## ACTIVITY
In the records below, find the line containing "100+ Healthy Dinner" and the line containing "Antihero Hecho Por". Give again exactly those lines and every line between them, omitting the pictures.

## DATA SHOWN
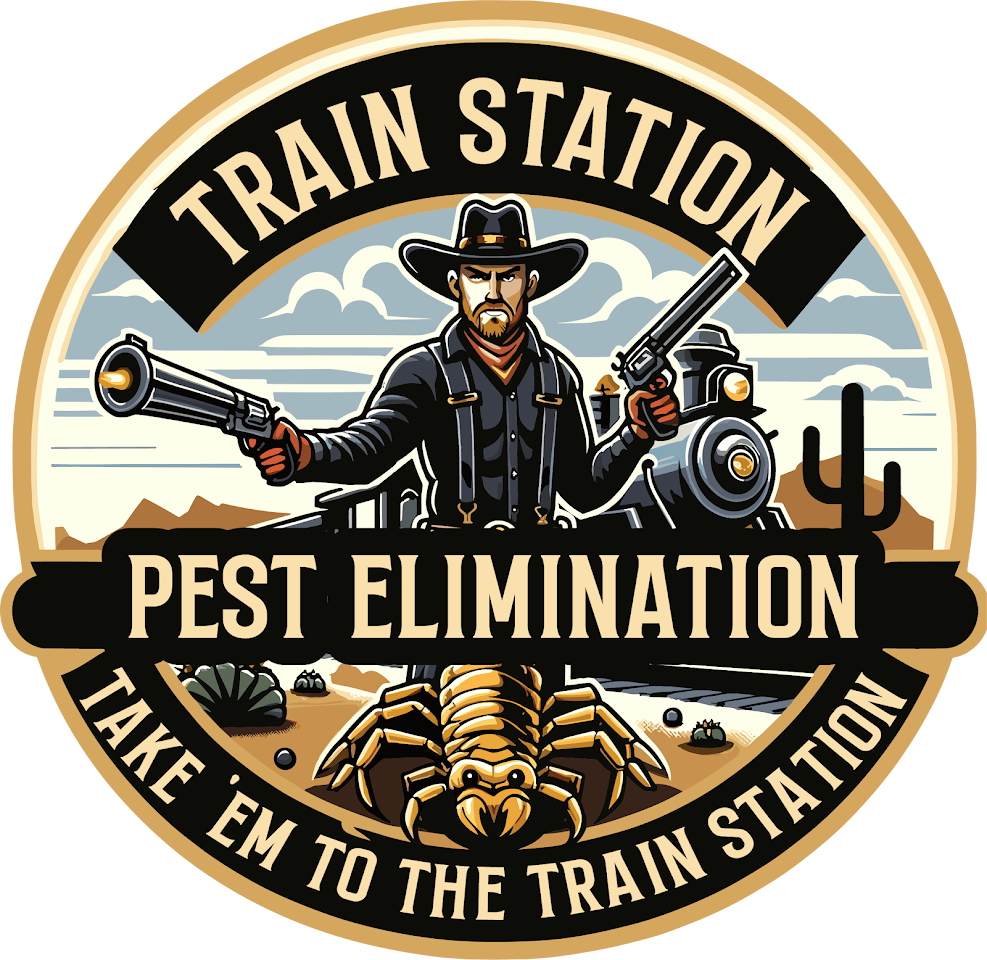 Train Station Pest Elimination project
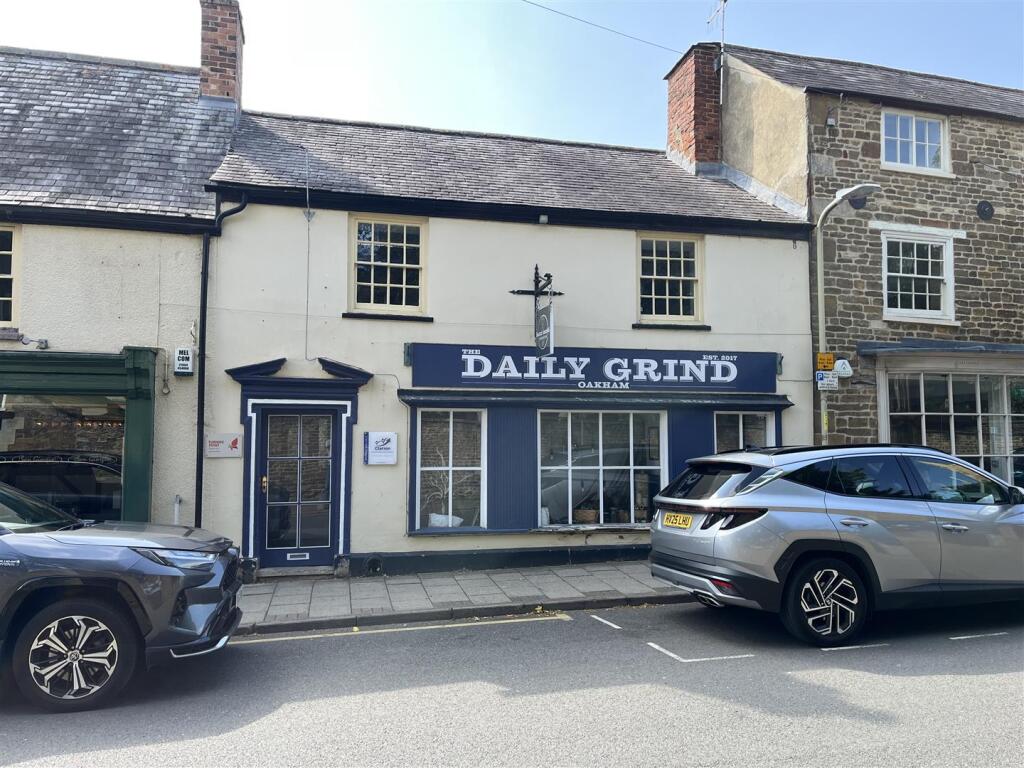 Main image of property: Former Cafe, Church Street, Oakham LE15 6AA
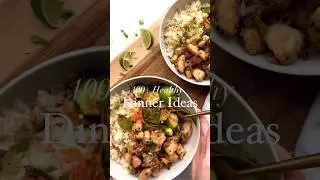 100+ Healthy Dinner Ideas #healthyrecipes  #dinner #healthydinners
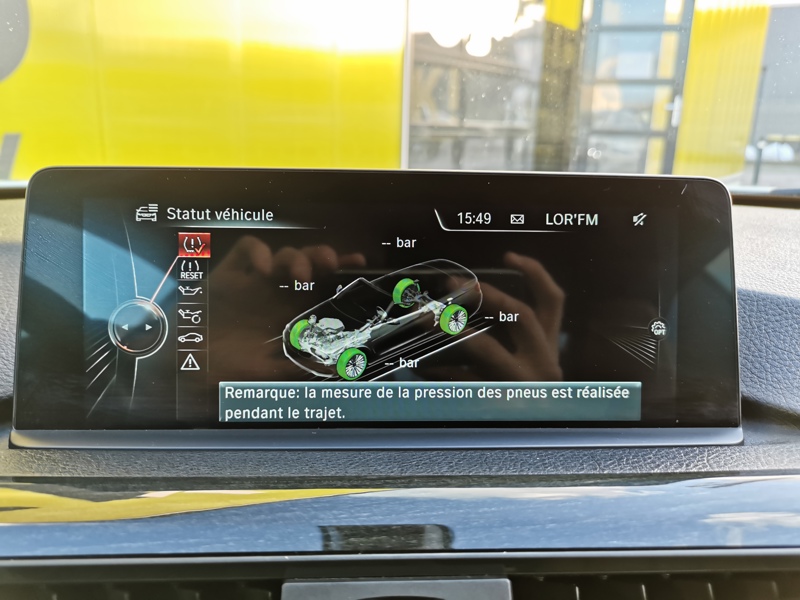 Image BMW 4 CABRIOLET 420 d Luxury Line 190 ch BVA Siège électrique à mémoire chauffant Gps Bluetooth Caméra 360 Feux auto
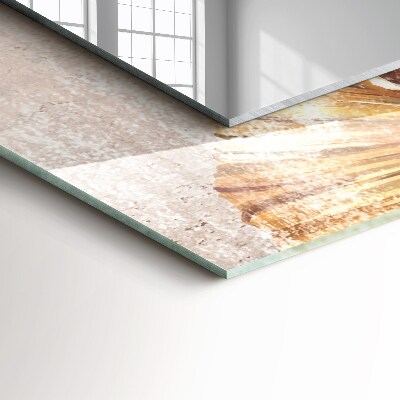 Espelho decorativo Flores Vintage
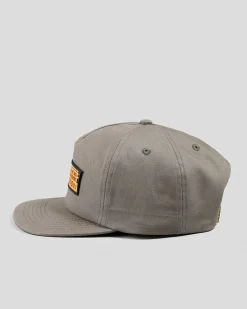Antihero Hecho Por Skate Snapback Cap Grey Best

--

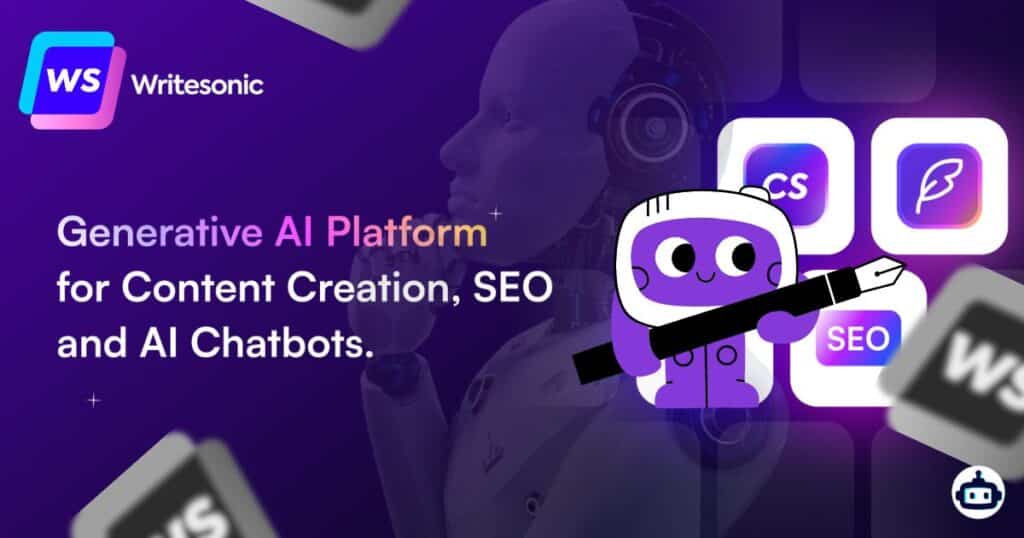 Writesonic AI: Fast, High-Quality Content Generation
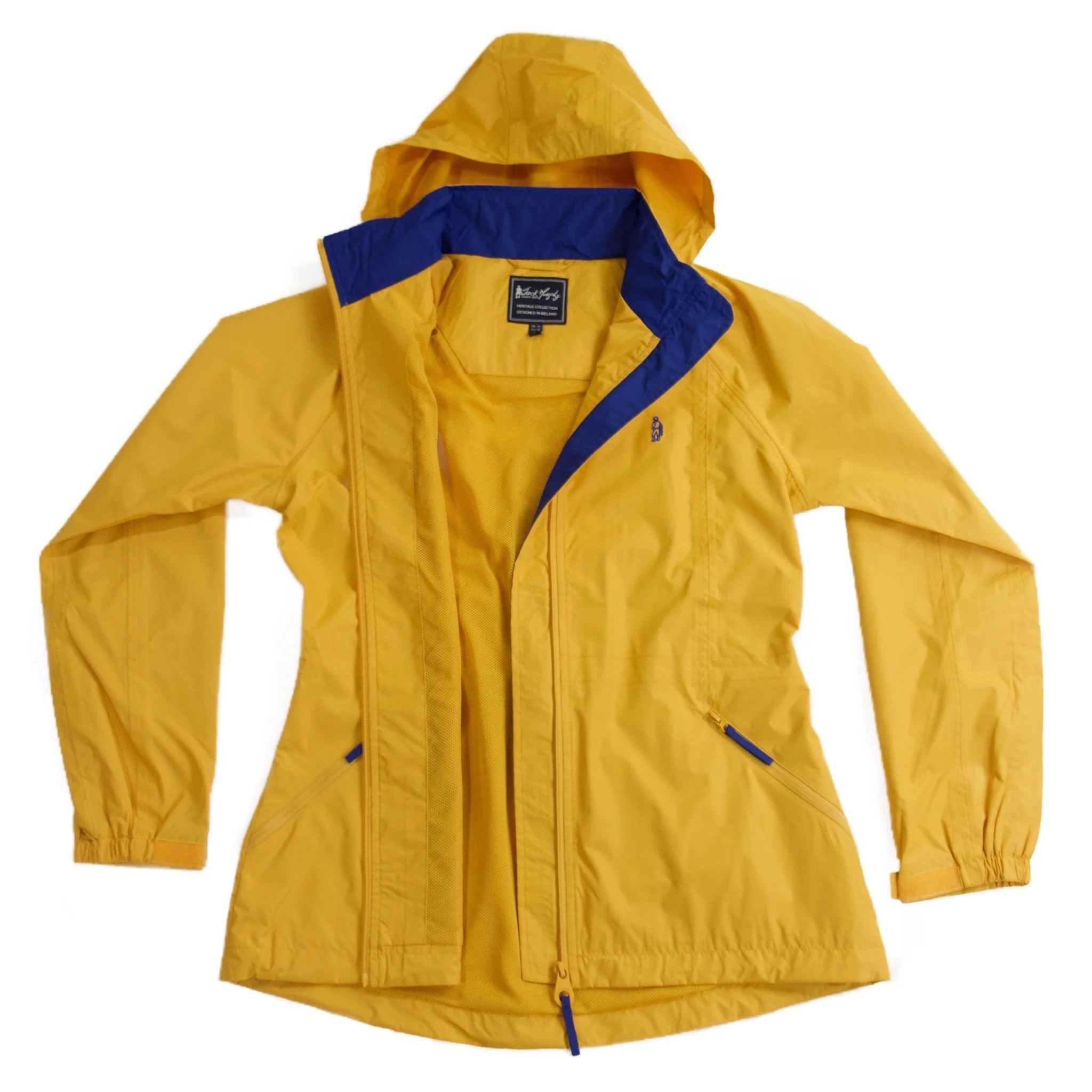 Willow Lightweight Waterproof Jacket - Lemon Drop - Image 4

## RESPONSE AREA
 100+ Healthy Dinner Ideas #healthyrecipes  #dinner #healthydinners
 Image BMW 4 CABRIOLET 420 d Luxury Line 190 ch BVA Siège électrique à mémoire chauffant Gps Bluetooth Caméra 360 Feux auto
 Espelho decorativo Flores Vintage
Antihero Hecho Por Skate Snapback Cap Grey Best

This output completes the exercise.